Courting controversy: Islamic Society picks suspect speaker
ON APRIL 20, the Islamic Society of Greater Manchester will hold a fund-raiser featuring Imam Siraj Wahhaj, founder of a famous mosque in Brooklyn. Imam Wahhaj has said some controversial things and acquired some radical friends. He knows and has praised Sheik Abdel-Rahman, the blind sheik convicted of conspiring to bomb the World Trade Center in 1993.
Wahhaj says he is not anti-American.
"I am an American citizen. I love this country, and just because I love this country doesn't mean I can't criticize some aspects of its government," he said in a WBUR interview in 2003.
He has criticized the government by calling the FBI and the CIA the "real terrorists" and saying the FBI was involved in the killings of Martin Luther King Jr. and Malcolm X. He also has refused to acknowledge that Muslims were behind the 9/11 attacks.
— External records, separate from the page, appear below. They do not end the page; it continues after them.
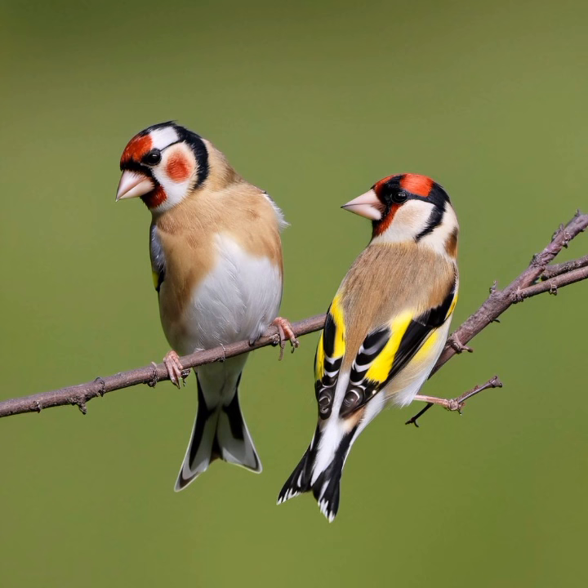European Goldfinches are highly social birds, often seen in flocks, especially during the non-breeding season. They are agile and acrobatic flyers, capable of making rapid, twisting movements in the air. Their diet consists mainly of seeds, and they are particularly fond of thistle seeds. In addition to seeds, they also consume insects, especially during the breeding season, providing a more protein-rich diet for their chicks.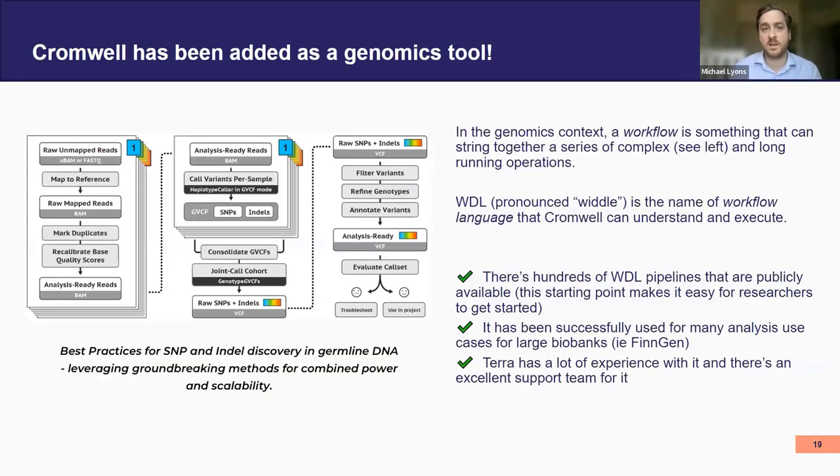Cromwell is now a new tool that researchers can work with, particularly helpful for genomic data. It's essentially a workflow organizer — something you can use to string together a series of complex operations. It works in the WDL language. There are a bunch of pipelines available that you can look at and use. There's a lot of experience working in the Terra environment, which is essentially what our Researcher Workbench environment is. So you can definitely use this now.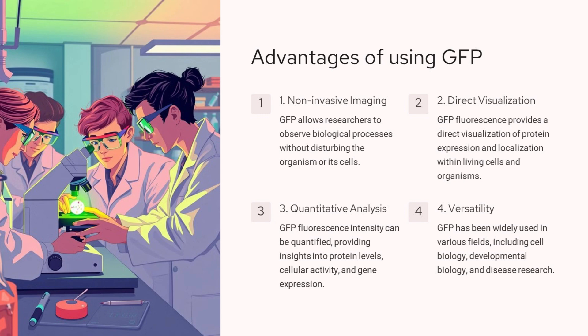There are four key advantages of using GFP. Non-invasive imaging: GFP allows researchers to observe biological processes without disturbing the organism or its cells. Direct visualization: GFP fluorescence provides a direct visualization of protein expression and localization within living cells and organisms. Quantitative analysis: GFP fluorescence intensity can be quantified, providing insights into protein levels, cellular activity, and gene expression. Versatility: GFP has been widely used in various fields, including cell biology, developmental biology, and disease research. These advantages make GFP a powerful tool for scientific research, enabling researchers to study biological processes in a non-invasive and quantitative manner.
He said of 9/11, "That was wrong, absolutely wrong. I condemn it. . . Extremists like that, our religion teaches against it."
But when asked if the perpetrators were radical Muslim terrorists, he said, "I'm not so sure about that."
Wahhaj is known to preach Muslim co-existence with others. But he is suspiciously cagey about terrorists who kill in Islam's name. The Islamic Society runs a risk bringing him here to speak.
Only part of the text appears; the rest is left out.